### Task statement
Begin at the line containing "Complete Colon Care" in the records below, end at the line containing "Boxer Storm Font", and retype each line in that span exactly. No other line and no image should appear.

--- Supplied material ---

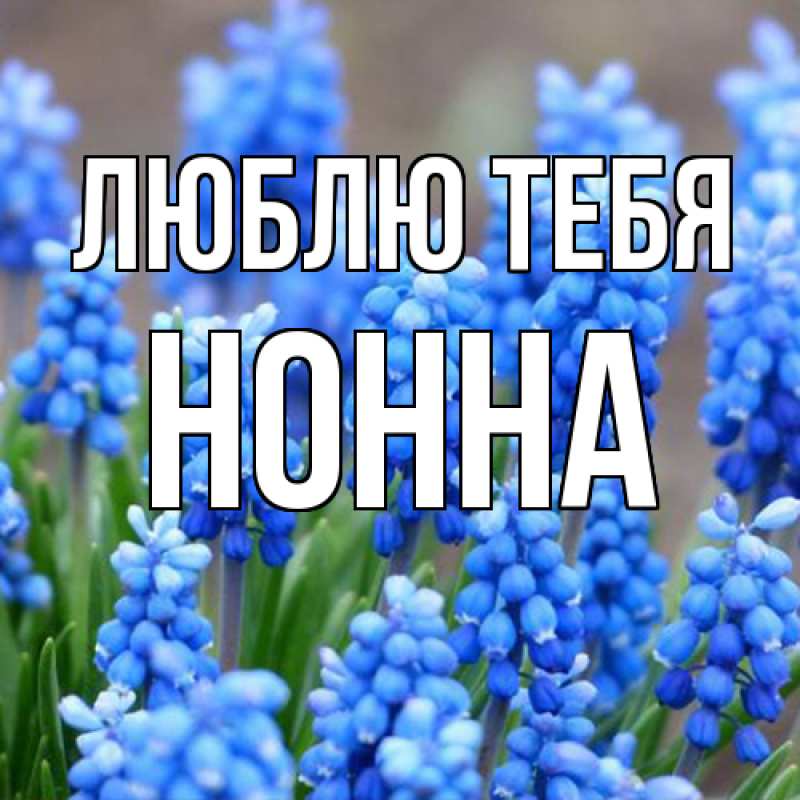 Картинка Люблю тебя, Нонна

---
--- Supplied material ---

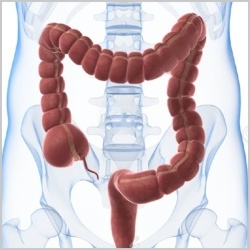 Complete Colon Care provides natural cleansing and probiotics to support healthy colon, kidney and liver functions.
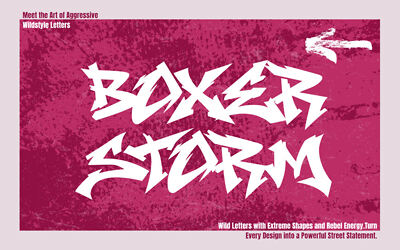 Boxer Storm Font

---

### Written response
 Complete Colon Care provides natural cleansing and probiotics to support healthy colon, kidney and liver functions.
 Boxer Storm Font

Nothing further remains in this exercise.